放たれてきた冷気の砲撃バスターラッシュを横っ飛びして回避。お返しに「イジェクティブ・ファイア!」火炎砲撃を撃ち返す。偽者もまた横っ飛びで回避。仕切り直しになった。数mって距離を開けて対峙する。

「あたしはアリサ・バニングス。そして炎の聖剣フレイムアイズ・イグニカーンス。名乗りなさい、偽者!」

「偽者、偽者と先程からやかましいですわね。・・・・訊いたのであれば、来世でも忘れないようにその魂に焼き付けなさいな。私は、いずれ必ず砕けぬ王となる者、律のマテリアル。そしてこの美しい御手を飾るはエレシュキガルよ」

そう名乗った(つうか、それ名前じゃないじゃん)偽者に改めて銃口を向けて、「そんじゃ再開と行きましょうか? 偽者」そう挑発。すると偽者は「二度とその減らず口が叩けないようにしてさしあげますわ」ってこめかみに青筋を浮かべながら笑った。


 
 

 
後書き
ドヴロ・ウートロ。

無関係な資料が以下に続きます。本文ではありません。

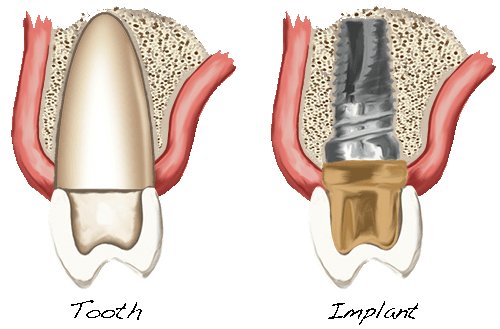 implant dentaire-dent dr Philippe Martin Genève Suisse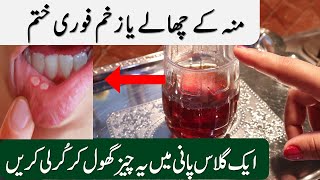 Mun k Chalon ka ilaj amp Mouth Blisters Treatment [upl. by Eido3]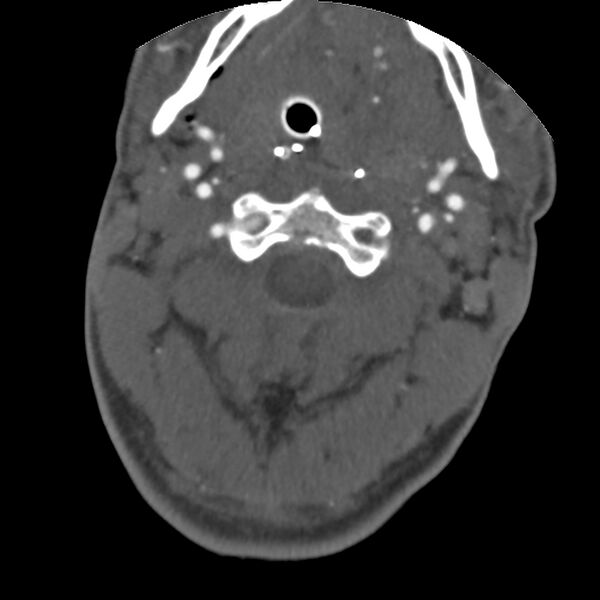File:Cervical spine fractures with vertebral artery dissection (Radiopaedia 32135-33078 D 61).jpg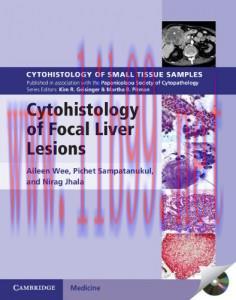 [AME]Cytohistology of Focal Liver Lesions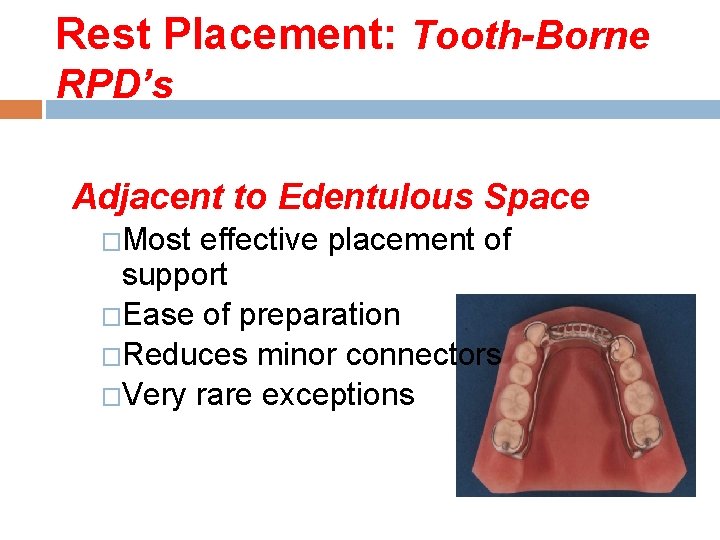 Rest Placement: Tooth-Borne RPD’s Adjacent to Edentulous Space �Most effective placement of support �Ease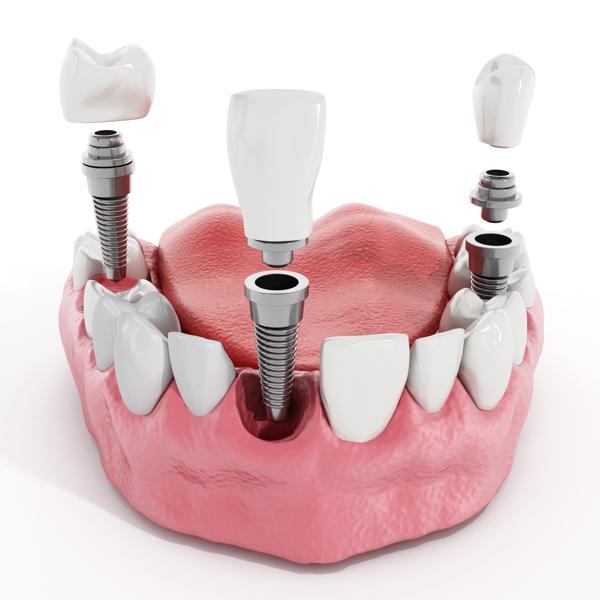 مزايا عملية زراعة عظم السفلي في الاسنان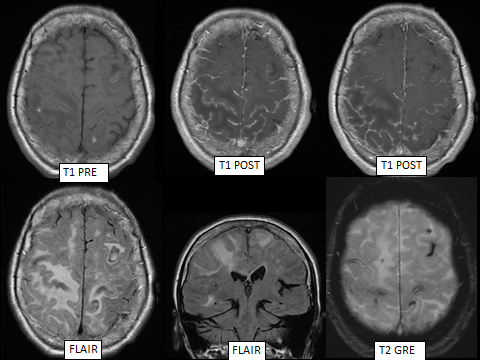 Hammerdongle's tweet photo. Dick's Pick of the Week: Inflammatory-Cerebral Amyloid Angiopathy

Findings: Multifocal leptomeningeal enhancement, lobar vasogenic edema, and peripheral cerebral microbleeds and superficial siderosis. 

#FOAMed #FOAMrad #radres #NeuroRad #radiology #Neurology https://t.co/OTx1t2QF5F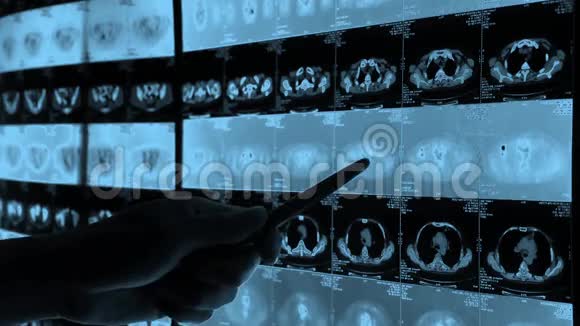医生研究人眼骨宠物ct扫描X线癌症转移视频的预览图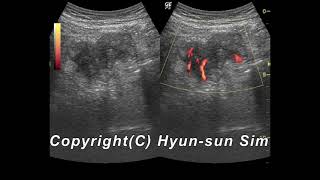 Cecal cancer ultrasonography맹장암 [upl. by Eidda]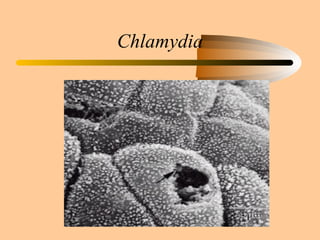 Chlamydia 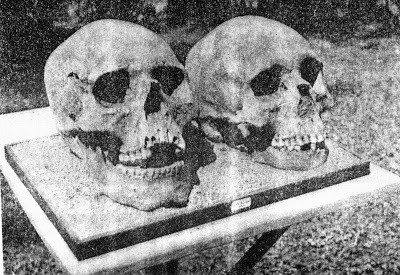 hybrid Neanderthal skulls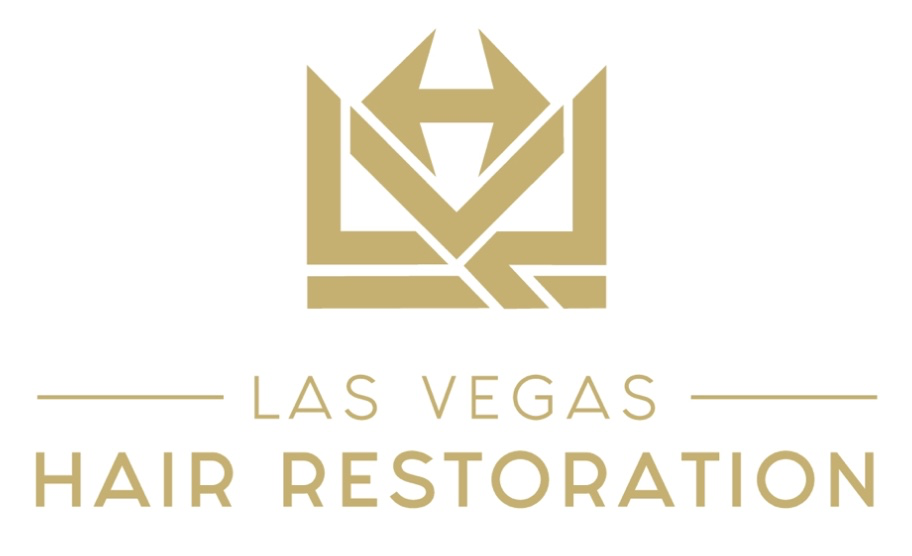 Free Consultation Las Vegas Hair Restoration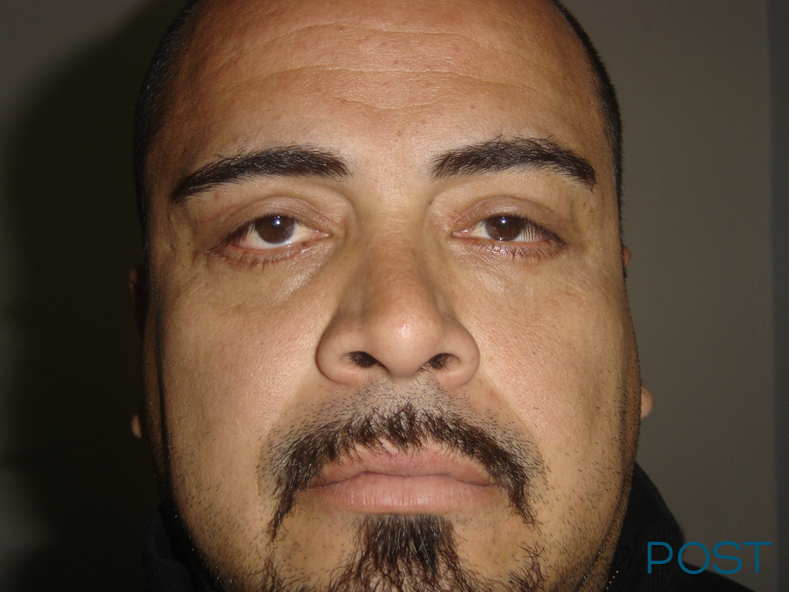 cirugia facial blefaroplastia 2 post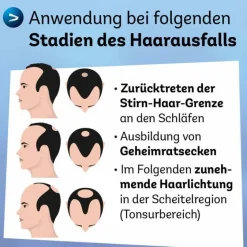 Dexcel Mittel Gegen Haarausfall-Minoxidil 50 mg / ml Spray z.Anw.a.d.Kopfhaut, 60 ml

ドーバル・デン。
ようやくPSPのBOAストーリーに入ることが出来ました。
真っ先に登場したマテリアルは、なんとオリジナルのマテリアル。その名も『律』のマテリアル。すずかの姿を借りたマテリアルで、性格は威圧系お嬢様。淑女系お嬢様なすずかとは正反対です。カタカナの名前はGODストーリーで明かします。
そして、すずかのマテリアルがいるのですから、アリサのマテリアルも当然います。登場はおそらく次回。

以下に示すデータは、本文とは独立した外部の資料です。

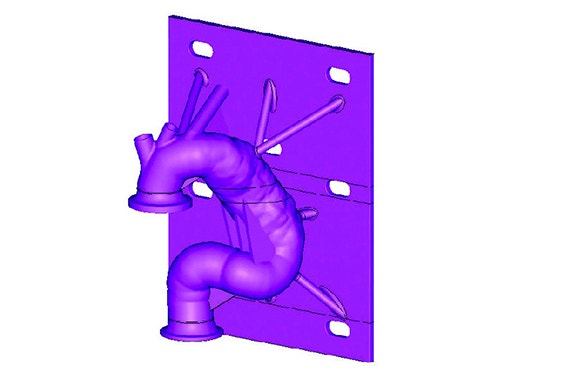 Patient-based aortic model 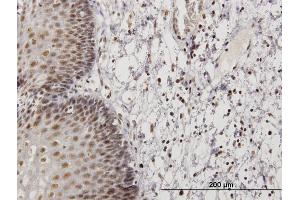 Immunoperoxidase of  purified  MaxPab antibody to RNF32 on formalin-fixed paraffin-embedded human esophagus. (RNF32 抗体  (AA 1-256))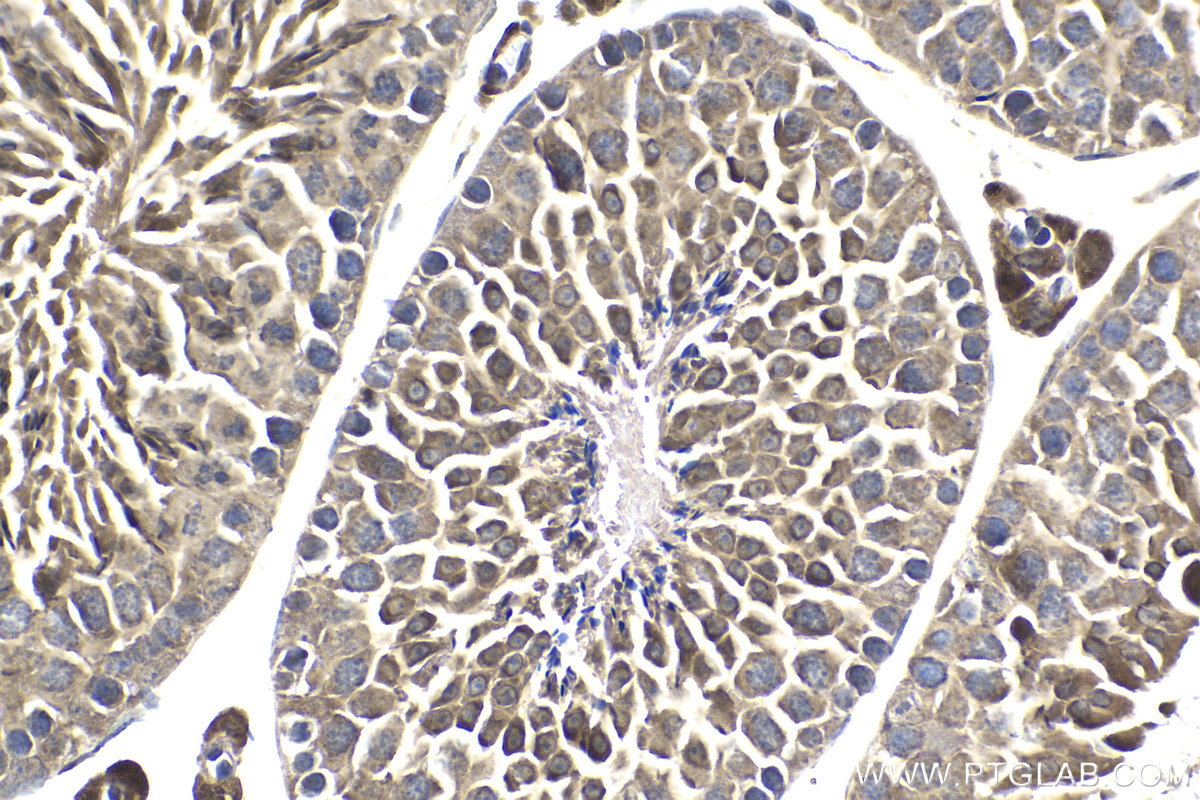 Immunohistochemistry (IHC) staining of mouse testis tissue using DZIP1 Polyclonal antibody (13779-1-AP)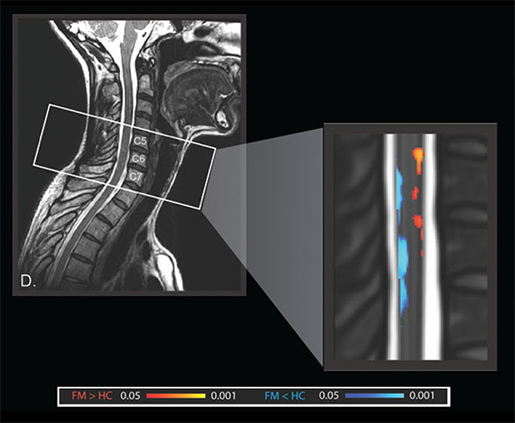 Sagittal view of group (patient vs. healthy control) differences in spinal cord fMRI activity.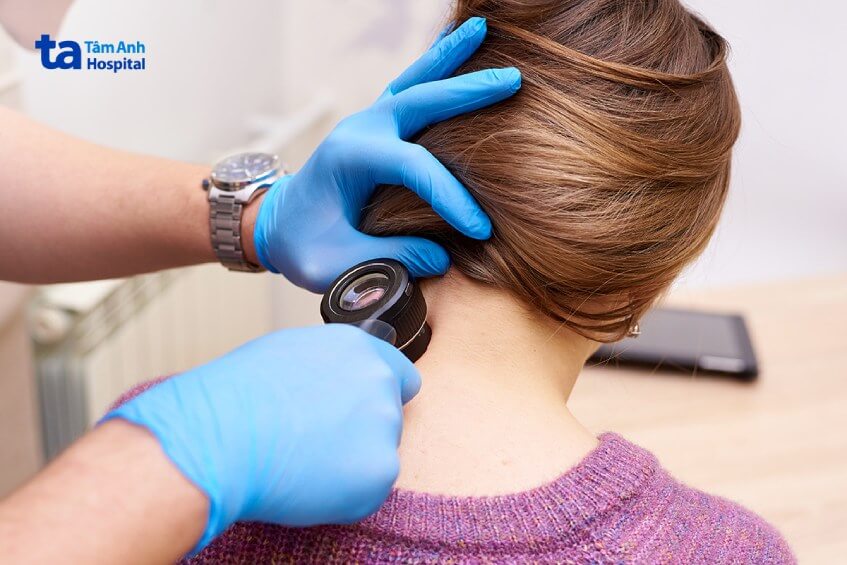 phương pháp tầm soát ung thư da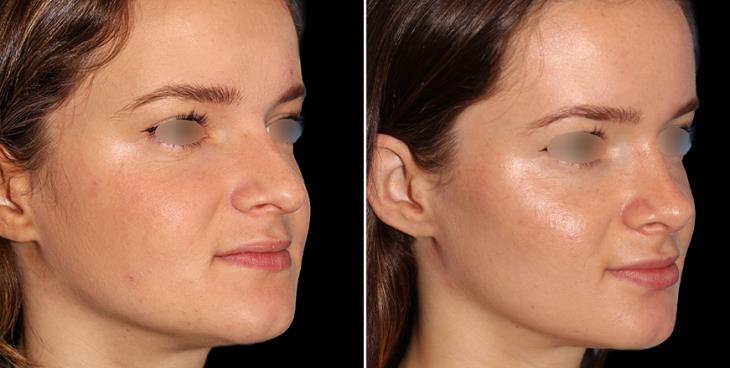 Nose Surgery Before And After Marietta GA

なのは⇔『理』のマテリアルS/星光の殲滅者/シュテル・ザ・デストラクター。
フェイト⇔『力』のマテリアルL/雷刃の襲撃者/レヴィ・ザ・スラッシャー。
はやて⇔『王』のマテリアルD/闇統べる王/ロード・ディア―チェ。
すずか⇔『律』のマテリアルO/氷災の征服者/????
アリサ⇔『?』のマテリアルF/炎壊の報復者/????

今作におけるマテリアルは上記となります。ルシルのマテリアルはいません。いたら困るわ、あんなのが複数いたりしたら。ですよね? ちなみにシャルのマテリアルもいません。蒐集されていないので。残念だったな、シャル。